Courtesy: DeWald Family

FORT WAYNE, Ind. (WANE) – He flew 30 missions in World War 2 and served the Fort Wayne community for decades. Now, family and friends are celebrating the life and legacy of Stephen DeWald  He died June 19th at the age of 93.

Veteran, successful businessman, community leader, husband, and father are all titles DeWald proudly held throughout his life. It’s a life his family said focused entirely on giving back to others.

“All that he was, he trained to be the best that he could be,” son David DeWald said.

It’s a life of excellence that started nearly a century ago.

“We’re celebrating his life. 93 years of life,” grandson Nathan Graeser said.

A Fort Wayne native, DeWald joined the Army Air Corps in the 1940’s. By the time he turned 22, he’d already worked his way up to captain and squadron leader.

“That was something at 22 to be able to lead 36 B-17s across the English Channel, Europe, and into Germany and back, many times 12-13 hour flights,” David said. “He tells the story that the war times were one of the most peaceful of his life because he felt like that was the thing to do, to fight for freedom, what he believed in. He believed that evil was in the world and had to be confronted and stopped.”

After the war, DeWald married his neighbor and childhood sweetheart, Ruthanne.

“My mother was just really his whole purpose for being,” daughter Denise Corbett said.

The two celebrated almost 70 years of marriage together. They have seven children and 19 grandchildren.

“Being around Papa, it gave you a sense of what a true family man is supposed to be like and it has given me an example of what to follow for the rest of my life, and just he’ll be with me as long as I’m here,” grandson Nick DeWald said. “It’s just amazing, so many people that he had an effect on. People all around him and people I didn’t even know he had an effect on- people I’ve never seen in my life. It’s incredible what he’s done in the community.”

“Happy Hour in our family is actually happy. We have a happy hour where we celebrate, and Papa was a huge fan of the happy hour,” Nathan said.

DeWald served as president of Fort Wayne Builders Supply and then started DeReo Manufacturing with one of his best friends.

“If you wanted to spend time with dad, you better get involved in a project he was working on. He always had a project,” son Joseph DeWald said.

DeWald retired at 57 only to start an even busier stage of life through his community service. He served on many boards at his church as well as the Fort Wayne-South Bend Diocese.

“He would say the most important thing is that you’re able to contribute to your community and make it a better place,” Joseph said. “He always had the rose-colored glasses on, never had anything bad to say about anyone. He was just amazing.”

His family said his passion for his country stayed with him throughout his life.

“He was a die-hard patriot. In very subtle ways, he was not a flashy man who wanted to have the limelight. He was very quiet about what he did, but he was very passionate,” Joe said.

“We had a lot of conversations about what it looks like to be a person of peace and also a person who protects the peace,” Nathan said.

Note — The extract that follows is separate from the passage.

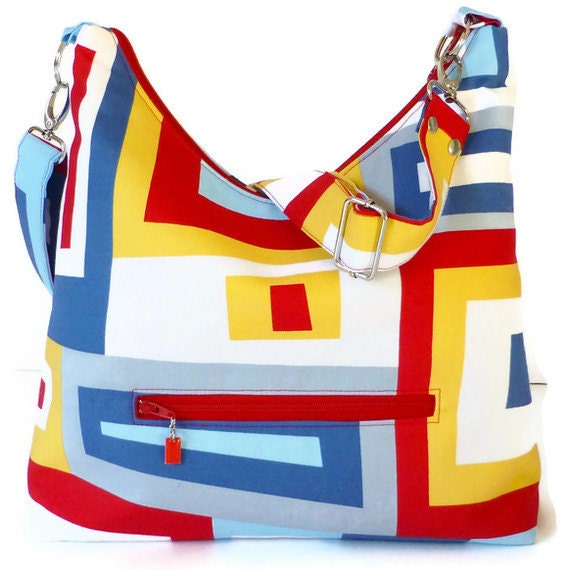 Red Blue White Yellow Zippered Closure Crossbody Purse, Adjustable Strap Flat Bottom Slouchy Bag - Wonky Windows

DeWald’s children also talked about how much he and his wife, Ruthanne, loved their friends. They even started a “Friday Night Group” of friends who would go to church and dinner once a week.

“The group started out with 25-26 people, a big crowd, so you know they’d overwhelm a place when they’d come in. Over this time of 20 plus years, they got down to five people left,” Joe said.

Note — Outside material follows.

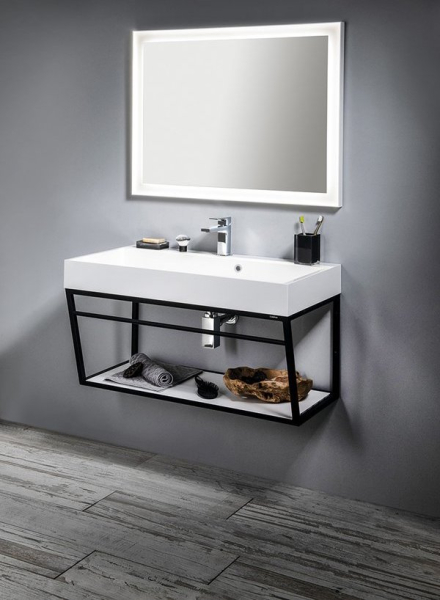 Sapho FLUT zrcadlo s LED podsvícením 90x70cm, bílá FT090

When they started making funeral arrangements, Joe realized that the majority of the members from the group had burial plots right next to each other at St. Vincent de Paul Cemetery.

“They pulled out this big plot and looked at this, and I immediately looked an all in this one corner were the Friday night group,” Joe said.

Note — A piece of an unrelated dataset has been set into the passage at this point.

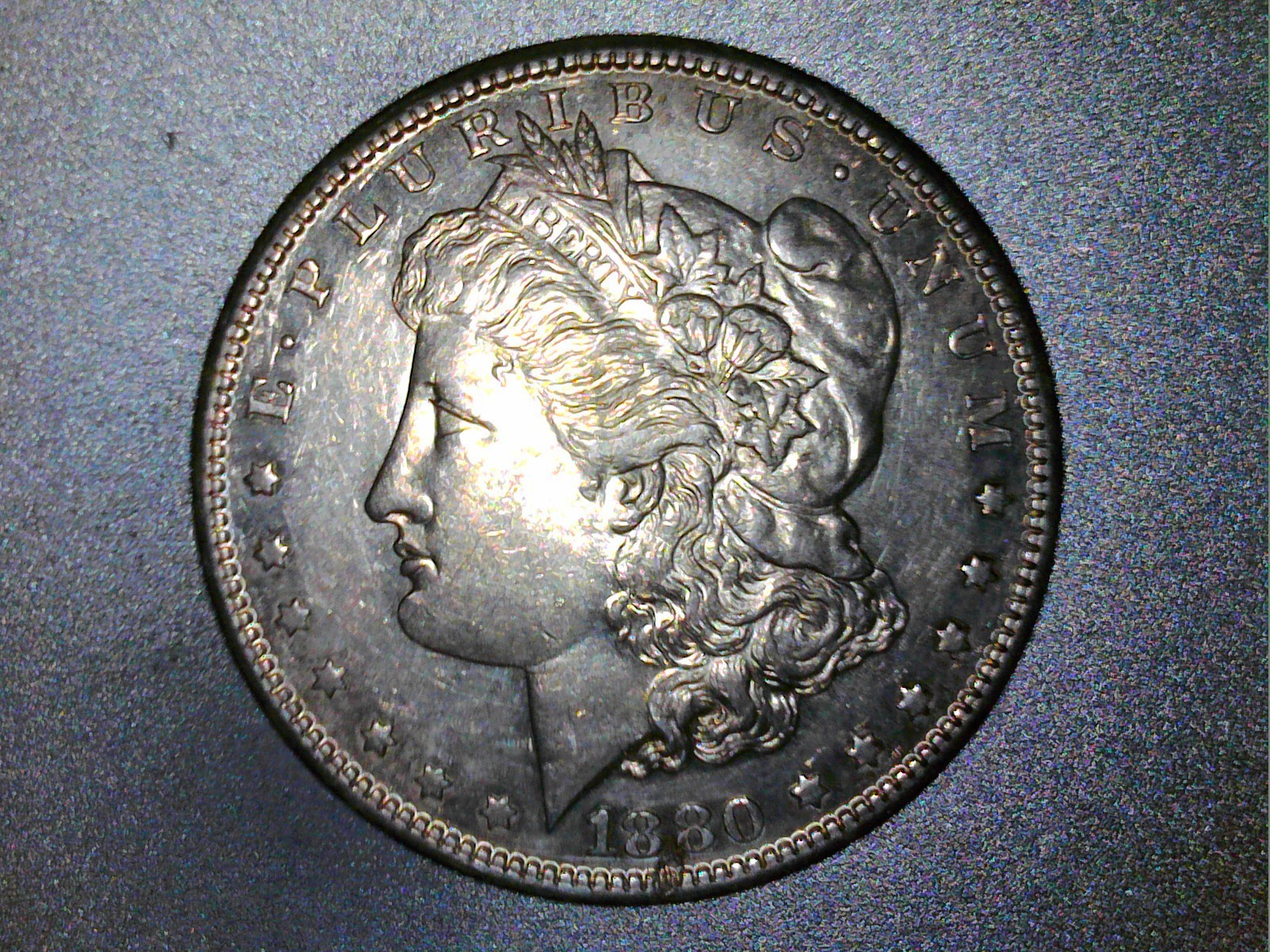 1880-S $1 Morgan Silver Dollar (Possibly Cleaned) Light tone on Reverse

DeWald is an American hero whose life created an unforgettable legacy.

“His sense of wonder and joy for the world around him- that, I think, is his biggest legacy,” Denise said.

“He say a depth to life that was bigger than what most people think is right or wrong. It wasn’t the politics. It wasn’t a particular party or so dogmatic that this is my way or the highway. He thought what was right was loving people,” David said.

“He was all the things that you’d love to have as a part of your life, and I was fortunate enough to have him as a father,” Joseph said.

DeWald’s funeral is on Thursday, June 25th. Full military honors are planned for the burial at St.Vincent de Paul Cemetery.